Exercise aim ▸
From the line that contains "1-к квартира, вторичка, 38м2, 6/12 этаж" to the end of the entries, copy each line exactly, though the pictures stay out.

Provided data ▸
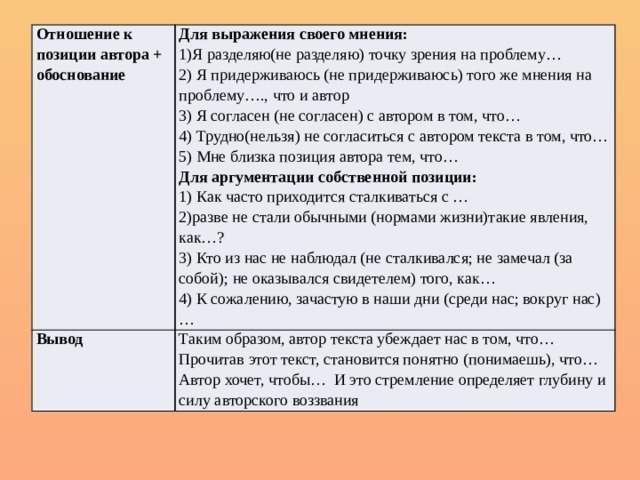 Задвоенные позиции как пишется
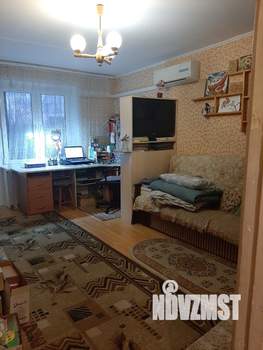 1-к квартира, вторичка, 38м2, 6/12 этаж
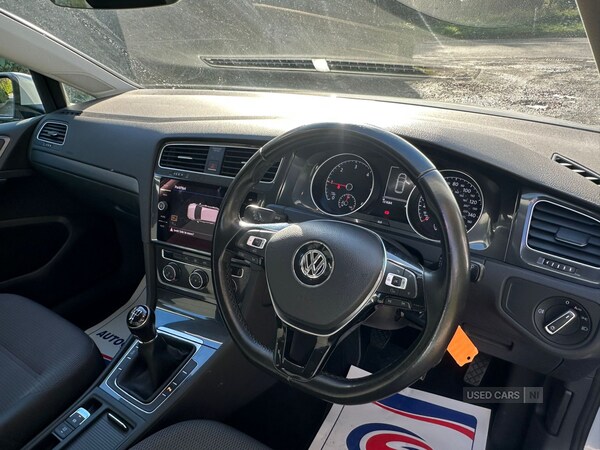 Used Volkswagen Golf 2017 for sale - 76350287: Photo 7
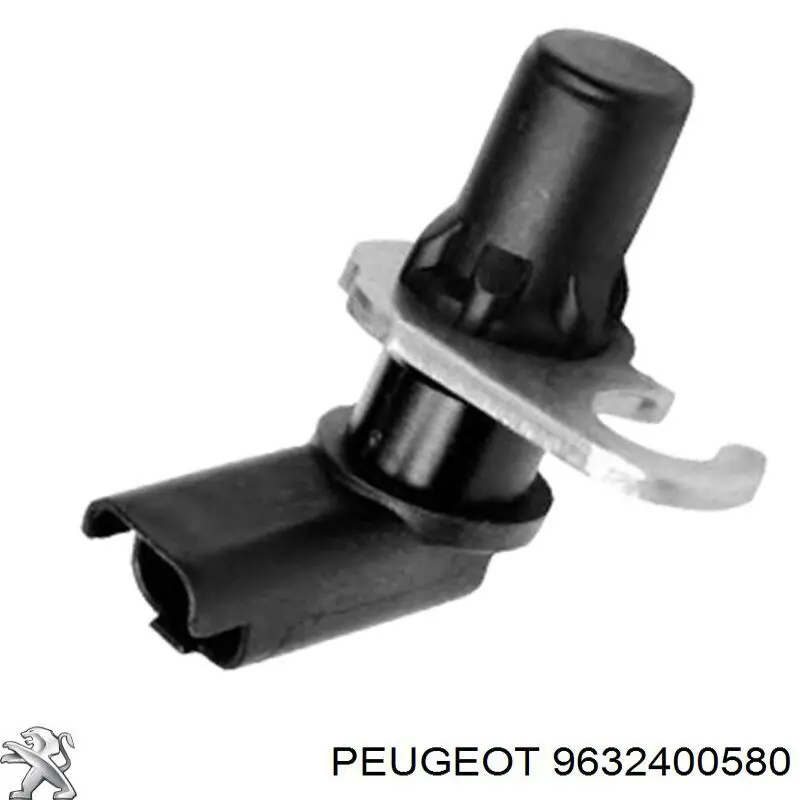 Czujnik położenia wału korbowego Peugeot/Citroen 9632400580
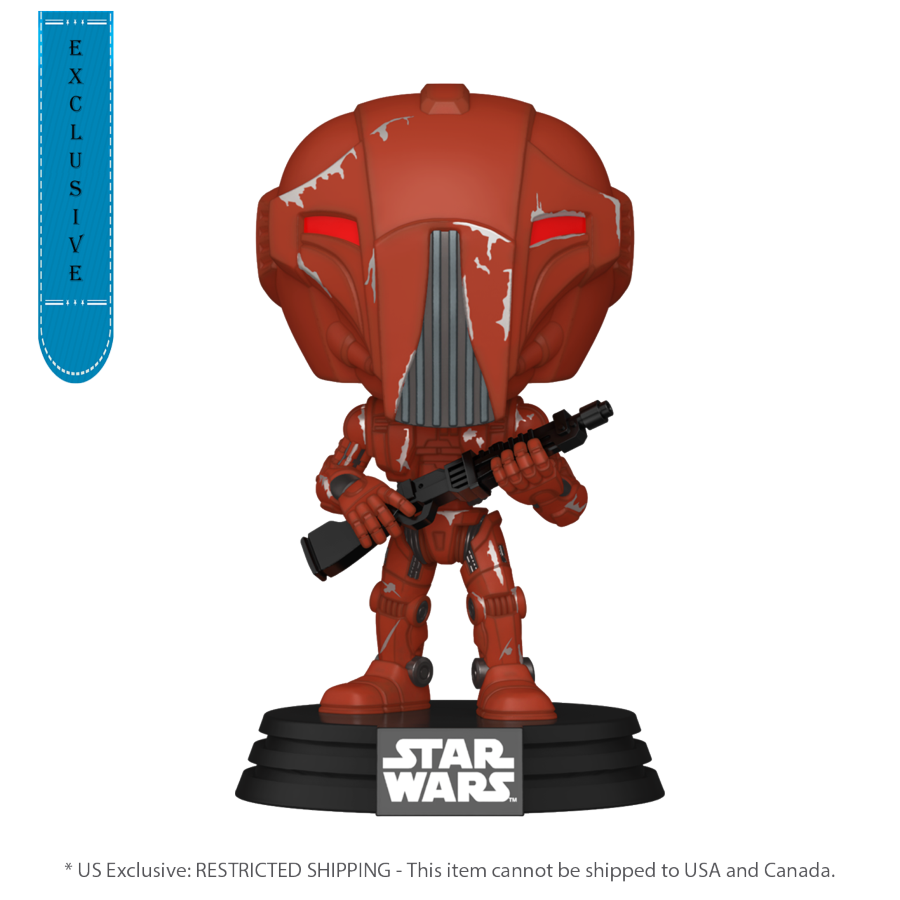 Star Wars: Gaming Greats - HK-47 Pop! Vinyl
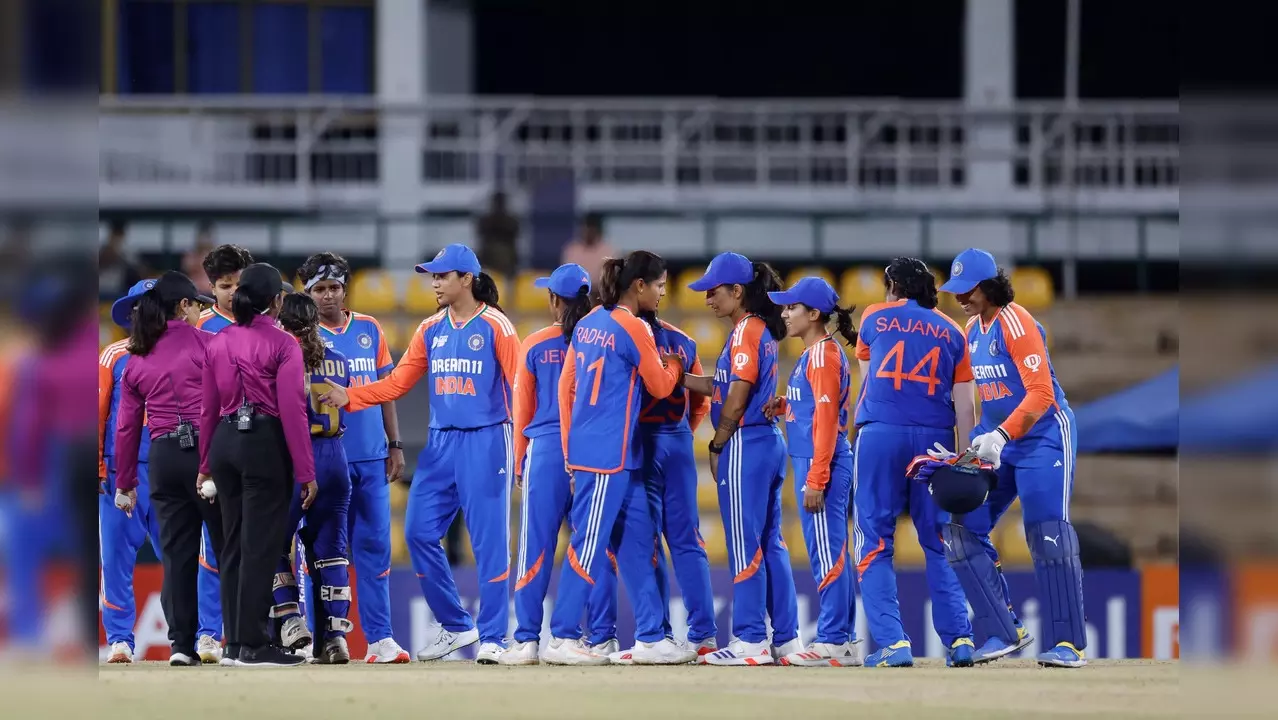 Indian Womens Cricket Team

Response to the exercise ▸
 1-к квартира, вторичка, 38м2, 6/12 этаж
 Used Volkswagen Golf 2017 for sale - 76350287: Photo 7
 Czujnik położenia wału korbowego Peugeot/Citroen 9632400580
 Star Wars: Gaming Greats - HK-47 Pop! Vinyl
 Indian Womens Cricket Team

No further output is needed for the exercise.